When you know you have certain things that must be done in order to get your life back, and/or to reduce pain to a level you can tolerate, you may need some "best practices" to help that along. Below are a few of my ideas for achieving and maintaining back exercise adherence.

Choose Your "Whens" Wisely

Where appropriate, schedule your therapeutic activities so they are convenient, as well as harmonious with your changing energy levels.

For example, if you have 10 challenging exercises to do daily, consider getting them done first thing in the morning — after you warm up, of course. Alternatively, if your therapist has given you some relaxation exercises to do, you might try them either in the late afternoon when you're energy is waning — which may well prove to be a nice treat — or just before going to sleep — which may help you unwind — as well as promote a better night's rest. 

What About Boredom?

If boredom is your issue, ask your physical therapist or personal trainer to give you a variety of exercises and moves that address the same body issues, but that can be switched around without loss of therapeutic benefits. If you take this suggestion, be sure to also ask her for guidance on how and when to switch things up. 

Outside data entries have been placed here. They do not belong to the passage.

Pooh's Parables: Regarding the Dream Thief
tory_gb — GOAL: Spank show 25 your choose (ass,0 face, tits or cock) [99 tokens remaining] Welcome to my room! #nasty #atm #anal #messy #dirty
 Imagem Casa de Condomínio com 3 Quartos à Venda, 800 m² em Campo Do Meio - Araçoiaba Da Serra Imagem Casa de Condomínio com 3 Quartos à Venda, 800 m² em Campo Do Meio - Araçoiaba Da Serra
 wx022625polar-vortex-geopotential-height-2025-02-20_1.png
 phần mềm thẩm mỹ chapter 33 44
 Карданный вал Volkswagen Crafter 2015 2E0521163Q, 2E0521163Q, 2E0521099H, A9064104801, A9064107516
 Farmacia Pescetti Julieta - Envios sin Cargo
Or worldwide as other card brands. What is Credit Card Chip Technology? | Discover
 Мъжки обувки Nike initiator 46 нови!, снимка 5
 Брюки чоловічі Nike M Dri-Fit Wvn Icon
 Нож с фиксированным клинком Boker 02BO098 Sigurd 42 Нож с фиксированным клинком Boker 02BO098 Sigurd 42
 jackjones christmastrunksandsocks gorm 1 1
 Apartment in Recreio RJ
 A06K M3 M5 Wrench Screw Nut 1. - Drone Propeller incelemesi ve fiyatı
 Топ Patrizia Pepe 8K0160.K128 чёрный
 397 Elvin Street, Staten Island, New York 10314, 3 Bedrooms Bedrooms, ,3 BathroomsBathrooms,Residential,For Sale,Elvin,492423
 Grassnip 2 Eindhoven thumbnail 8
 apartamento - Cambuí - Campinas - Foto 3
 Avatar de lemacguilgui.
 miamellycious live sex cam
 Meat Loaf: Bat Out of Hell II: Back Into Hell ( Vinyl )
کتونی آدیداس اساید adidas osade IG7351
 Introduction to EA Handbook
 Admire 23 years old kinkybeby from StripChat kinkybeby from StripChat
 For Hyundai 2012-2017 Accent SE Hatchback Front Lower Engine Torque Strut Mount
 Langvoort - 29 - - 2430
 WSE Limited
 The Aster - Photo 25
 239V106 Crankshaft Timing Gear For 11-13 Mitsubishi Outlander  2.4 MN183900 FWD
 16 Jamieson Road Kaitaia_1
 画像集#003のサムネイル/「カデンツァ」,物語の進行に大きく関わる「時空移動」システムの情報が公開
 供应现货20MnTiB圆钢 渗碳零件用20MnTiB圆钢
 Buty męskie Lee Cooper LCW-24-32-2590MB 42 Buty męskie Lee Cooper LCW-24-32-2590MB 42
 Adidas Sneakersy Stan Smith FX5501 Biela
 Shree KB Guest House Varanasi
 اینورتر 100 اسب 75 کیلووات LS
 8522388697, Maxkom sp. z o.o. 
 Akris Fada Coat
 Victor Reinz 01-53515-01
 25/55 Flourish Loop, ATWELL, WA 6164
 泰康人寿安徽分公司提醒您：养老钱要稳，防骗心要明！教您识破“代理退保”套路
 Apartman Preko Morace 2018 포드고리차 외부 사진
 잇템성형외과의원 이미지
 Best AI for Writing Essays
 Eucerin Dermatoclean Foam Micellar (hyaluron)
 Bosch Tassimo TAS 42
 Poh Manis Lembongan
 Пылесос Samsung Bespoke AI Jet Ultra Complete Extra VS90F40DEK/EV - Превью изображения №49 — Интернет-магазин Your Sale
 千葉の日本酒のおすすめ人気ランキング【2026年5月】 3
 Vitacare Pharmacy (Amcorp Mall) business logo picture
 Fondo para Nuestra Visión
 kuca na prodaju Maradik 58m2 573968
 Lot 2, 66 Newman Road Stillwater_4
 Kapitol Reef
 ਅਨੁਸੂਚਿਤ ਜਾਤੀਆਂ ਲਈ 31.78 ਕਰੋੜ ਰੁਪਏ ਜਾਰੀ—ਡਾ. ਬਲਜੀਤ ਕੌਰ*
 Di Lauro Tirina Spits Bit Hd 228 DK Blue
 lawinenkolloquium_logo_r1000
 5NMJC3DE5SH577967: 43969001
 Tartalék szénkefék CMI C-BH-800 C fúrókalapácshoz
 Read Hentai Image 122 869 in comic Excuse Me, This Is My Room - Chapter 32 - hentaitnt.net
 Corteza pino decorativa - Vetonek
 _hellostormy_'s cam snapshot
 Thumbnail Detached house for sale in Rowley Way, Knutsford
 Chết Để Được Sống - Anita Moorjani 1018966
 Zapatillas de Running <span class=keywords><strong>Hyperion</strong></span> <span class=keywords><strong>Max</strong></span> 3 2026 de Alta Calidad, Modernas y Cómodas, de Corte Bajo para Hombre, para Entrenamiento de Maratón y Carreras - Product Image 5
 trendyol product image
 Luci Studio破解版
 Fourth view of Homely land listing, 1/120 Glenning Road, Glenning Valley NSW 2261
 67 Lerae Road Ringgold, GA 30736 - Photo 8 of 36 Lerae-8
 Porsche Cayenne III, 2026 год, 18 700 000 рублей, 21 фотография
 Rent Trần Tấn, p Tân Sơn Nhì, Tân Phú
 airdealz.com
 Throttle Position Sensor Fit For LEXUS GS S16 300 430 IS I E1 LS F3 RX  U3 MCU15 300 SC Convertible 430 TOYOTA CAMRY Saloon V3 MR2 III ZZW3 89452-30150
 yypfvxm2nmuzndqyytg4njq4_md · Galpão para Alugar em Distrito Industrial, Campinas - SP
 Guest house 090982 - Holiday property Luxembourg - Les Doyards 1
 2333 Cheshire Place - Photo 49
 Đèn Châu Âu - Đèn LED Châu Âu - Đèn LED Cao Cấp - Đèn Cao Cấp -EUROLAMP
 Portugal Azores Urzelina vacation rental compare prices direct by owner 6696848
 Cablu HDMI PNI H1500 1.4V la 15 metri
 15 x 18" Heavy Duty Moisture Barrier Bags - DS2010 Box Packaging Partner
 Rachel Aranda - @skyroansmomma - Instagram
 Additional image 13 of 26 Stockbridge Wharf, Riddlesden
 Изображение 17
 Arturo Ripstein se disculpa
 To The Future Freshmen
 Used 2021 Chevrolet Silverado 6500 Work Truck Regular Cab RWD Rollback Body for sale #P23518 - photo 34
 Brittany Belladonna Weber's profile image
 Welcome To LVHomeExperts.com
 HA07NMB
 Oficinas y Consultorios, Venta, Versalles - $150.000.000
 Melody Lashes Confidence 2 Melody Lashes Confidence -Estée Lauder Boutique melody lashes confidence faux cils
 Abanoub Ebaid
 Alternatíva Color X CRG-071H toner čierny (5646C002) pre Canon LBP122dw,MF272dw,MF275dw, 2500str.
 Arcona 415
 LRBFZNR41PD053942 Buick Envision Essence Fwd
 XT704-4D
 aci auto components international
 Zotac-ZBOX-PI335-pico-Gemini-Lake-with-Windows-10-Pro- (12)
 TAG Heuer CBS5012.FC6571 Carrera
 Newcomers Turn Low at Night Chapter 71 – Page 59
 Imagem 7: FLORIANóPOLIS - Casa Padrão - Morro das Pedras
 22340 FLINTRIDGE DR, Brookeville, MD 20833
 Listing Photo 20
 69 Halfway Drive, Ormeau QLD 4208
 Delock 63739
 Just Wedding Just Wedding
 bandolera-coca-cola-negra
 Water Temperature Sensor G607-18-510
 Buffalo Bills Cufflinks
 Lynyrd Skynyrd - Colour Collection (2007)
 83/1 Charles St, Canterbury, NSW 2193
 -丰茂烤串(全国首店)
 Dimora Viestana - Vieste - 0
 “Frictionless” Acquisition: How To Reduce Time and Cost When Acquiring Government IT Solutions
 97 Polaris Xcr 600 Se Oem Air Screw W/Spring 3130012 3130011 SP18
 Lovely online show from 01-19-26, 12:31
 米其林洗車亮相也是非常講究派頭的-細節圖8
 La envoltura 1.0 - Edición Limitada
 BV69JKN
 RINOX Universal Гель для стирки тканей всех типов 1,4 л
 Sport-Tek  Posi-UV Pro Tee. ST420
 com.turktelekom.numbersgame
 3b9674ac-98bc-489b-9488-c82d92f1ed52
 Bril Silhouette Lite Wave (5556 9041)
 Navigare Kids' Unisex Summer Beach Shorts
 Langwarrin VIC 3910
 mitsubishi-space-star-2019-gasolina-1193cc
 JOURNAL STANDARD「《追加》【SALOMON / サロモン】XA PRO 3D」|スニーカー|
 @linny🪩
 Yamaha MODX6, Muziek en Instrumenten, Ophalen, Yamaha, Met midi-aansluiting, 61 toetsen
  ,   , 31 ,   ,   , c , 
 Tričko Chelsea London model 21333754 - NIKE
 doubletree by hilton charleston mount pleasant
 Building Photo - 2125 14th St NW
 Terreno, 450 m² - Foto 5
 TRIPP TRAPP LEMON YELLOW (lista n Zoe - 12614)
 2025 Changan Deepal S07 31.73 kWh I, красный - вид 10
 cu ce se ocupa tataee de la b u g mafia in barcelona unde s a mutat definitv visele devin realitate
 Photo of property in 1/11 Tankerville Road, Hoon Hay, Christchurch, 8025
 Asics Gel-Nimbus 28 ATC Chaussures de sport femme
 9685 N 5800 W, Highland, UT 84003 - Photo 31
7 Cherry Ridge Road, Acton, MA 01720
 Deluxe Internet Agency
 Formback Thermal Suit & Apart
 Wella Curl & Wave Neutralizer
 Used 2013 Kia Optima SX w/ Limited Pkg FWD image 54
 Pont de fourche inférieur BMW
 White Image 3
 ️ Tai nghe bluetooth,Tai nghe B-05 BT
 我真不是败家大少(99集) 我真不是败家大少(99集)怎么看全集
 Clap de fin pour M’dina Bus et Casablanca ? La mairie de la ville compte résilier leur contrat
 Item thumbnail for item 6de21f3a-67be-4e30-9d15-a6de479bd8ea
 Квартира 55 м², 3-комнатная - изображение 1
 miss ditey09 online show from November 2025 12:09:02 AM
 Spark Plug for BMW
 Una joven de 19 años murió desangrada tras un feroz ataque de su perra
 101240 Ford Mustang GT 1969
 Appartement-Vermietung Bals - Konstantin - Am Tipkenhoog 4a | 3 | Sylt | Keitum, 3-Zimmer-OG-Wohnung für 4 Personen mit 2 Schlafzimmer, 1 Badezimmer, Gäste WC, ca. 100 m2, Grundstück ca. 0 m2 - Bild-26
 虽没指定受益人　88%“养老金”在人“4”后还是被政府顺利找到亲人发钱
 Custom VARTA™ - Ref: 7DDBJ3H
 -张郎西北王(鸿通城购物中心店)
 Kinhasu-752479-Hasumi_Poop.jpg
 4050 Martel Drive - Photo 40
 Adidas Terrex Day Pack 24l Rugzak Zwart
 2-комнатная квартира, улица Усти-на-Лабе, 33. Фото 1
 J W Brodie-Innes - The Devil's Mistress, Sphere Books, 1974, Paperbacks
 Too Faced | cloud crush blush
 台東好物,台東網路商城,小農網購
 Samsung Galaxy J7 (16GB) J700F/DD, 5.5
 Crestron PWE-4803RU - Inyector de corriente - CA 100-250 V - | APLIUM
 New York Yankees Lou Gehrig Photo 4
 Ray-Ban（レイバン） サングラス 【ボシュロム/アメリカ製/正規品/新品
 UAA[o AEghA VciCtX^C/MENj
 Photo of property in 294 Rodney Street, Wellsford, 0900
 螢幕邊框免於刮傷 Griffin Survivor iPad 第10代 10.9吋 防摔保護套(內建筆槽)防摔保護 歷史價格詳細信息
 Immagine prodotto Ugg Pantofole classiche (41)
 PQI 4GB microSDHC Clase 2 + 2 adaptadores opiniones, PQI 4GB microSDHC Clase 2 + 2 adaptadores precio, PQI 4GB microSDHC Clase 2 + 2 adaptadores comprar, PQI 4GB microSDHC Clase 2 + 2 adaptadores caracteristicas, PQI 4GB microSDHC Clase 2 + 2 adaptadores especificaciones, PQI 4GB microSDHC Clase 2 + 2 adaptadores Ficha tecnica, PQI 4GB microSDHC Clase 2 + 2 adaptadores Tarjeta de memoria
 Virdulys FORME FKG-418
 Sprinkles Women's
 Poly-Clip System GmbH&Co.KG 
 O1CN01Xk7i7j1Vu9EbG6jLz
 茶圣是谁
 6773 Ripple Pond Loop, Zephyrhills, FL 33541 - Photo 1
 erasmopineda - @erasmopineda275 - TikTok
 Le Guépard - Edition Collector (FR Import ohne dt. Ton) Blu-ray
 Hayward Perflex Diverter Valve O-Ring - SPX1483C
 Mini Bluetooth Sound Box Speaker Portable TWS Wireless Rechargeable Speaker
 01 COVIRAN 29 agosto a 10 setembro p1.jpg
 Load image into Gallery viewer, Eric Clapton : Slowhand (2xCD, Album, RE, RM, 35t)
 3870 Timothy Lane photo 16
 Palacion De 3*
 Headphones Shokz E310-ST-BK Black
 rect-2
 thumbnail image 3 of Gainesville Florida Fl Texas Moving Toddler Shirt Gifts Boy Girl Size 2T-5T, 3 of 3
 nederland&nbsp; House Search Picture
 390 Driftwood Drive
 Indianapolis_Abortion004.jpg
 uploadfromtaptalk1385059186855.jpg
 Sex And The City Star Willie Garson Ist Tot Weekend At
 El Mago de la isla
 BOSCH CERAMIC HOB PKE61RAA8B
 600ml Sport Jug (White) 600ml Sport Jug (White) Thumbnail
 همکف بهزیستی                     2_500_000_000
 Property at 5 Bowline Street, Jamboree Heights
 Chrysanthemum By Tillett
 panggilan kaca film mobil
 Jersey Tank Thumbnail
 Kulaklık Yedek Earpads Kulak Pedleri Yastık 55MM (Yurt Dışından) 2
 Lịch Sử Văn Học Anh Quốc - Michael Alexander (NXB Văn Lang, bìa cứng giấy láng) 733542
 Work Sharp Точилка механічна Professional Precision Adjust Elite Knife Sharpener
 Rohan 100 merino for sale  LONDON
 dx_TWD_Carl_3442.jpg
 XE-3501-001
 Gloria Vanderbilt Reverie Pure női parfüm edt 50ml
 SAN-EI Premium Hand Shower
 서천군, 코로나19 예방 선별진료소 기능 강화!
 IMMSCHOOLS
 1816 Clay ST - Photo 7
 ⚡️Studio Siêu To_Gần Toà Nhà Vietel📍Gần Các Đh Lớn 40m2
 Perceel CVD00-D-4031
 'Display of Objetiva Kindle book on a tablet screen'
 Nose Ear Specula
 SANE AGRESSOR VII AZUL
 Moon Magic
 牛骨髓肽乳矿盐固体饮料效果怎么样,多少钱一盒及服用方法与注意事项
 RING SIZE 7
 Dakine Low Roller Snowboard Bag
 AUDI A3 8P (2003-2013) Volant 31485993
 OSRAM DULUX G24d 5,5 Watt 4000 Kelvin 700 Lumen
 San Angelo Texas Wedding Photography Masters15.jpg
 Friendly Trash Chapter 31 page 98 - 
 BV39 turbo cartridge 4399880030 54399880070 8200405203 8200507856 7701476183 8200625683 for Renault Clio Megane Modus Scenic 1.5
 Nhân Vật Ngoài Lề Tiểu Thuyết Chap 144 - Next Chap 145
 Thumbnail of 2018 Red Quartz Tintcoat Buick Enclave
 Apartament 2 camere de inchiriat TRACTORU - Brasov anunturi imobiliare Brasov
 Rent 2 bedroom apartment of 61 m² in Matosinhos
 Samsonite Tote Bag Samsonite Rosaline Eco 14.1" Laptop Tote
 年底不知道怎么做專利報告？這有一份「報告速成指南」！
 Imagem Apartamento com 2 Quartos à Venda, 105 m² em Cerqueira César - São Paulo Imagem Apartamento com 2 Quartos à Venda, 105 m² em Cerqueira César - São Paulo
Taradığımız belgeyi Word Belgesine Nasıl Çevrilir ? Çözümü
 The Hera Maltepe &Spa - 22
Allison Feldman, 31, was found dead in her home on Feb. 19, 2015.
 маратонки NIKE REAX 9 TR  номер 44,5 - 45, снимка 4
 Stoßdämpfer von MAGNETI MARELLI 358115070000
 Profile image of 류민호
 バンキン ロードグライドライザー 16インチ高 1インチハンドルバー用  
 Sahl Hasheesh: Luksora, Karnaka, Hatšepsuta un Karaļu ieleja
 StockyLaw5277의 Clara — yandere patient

Give Up on "No Pain, No Gain"

Do prescribed movements and exercises in moderation, but be sure to do something every day. Let go of your "no pain, no gain" attitude when working for back pain relief. Instead of pounding out the reps and sets as many people who go to the gym tend to do, think about your form. Are you aligned all throughout each exercise move? It may make a difference.

Go Social and Accountable

Hook up with one or more accountability partners who understand your special therapeutic focus, and who are caring and understanding by nature. I know such people can be hard to find, and even harder to accommodate schedule-wise, but just the same, making the effort to connect may be well worth the investment. The reason is that the social interaction may help fuel goal achievement and thus your results.

Get Smart

Conduct research and ask questions of your chosen health professional regarding exercise as it relates to your diagnosis. Learning about your condition, its symptoms, the way in which it is diagnosed, and relevant treatments may help you take more of an interest in the things you're supposed to do in order to get past the pain and dysfunction. 

Some ideas for questions include:

  • What is the usual prognosis? (Prognosis refers to how bad the problem might get and/or how long you'll be dealing with symptoms, etc.,)
  • What role might exercise play in feeling better
  • Is there an alternative to drugs and surgery that are within my capabilities given your evaluation of my condition? 

Be forewarned — it is entirely possible that the answer to the last question may put you to work. I've been privileged to witness a number of people in the process of successfully avoiding the "knife" — but none would have done so without a lot of discipline and effort.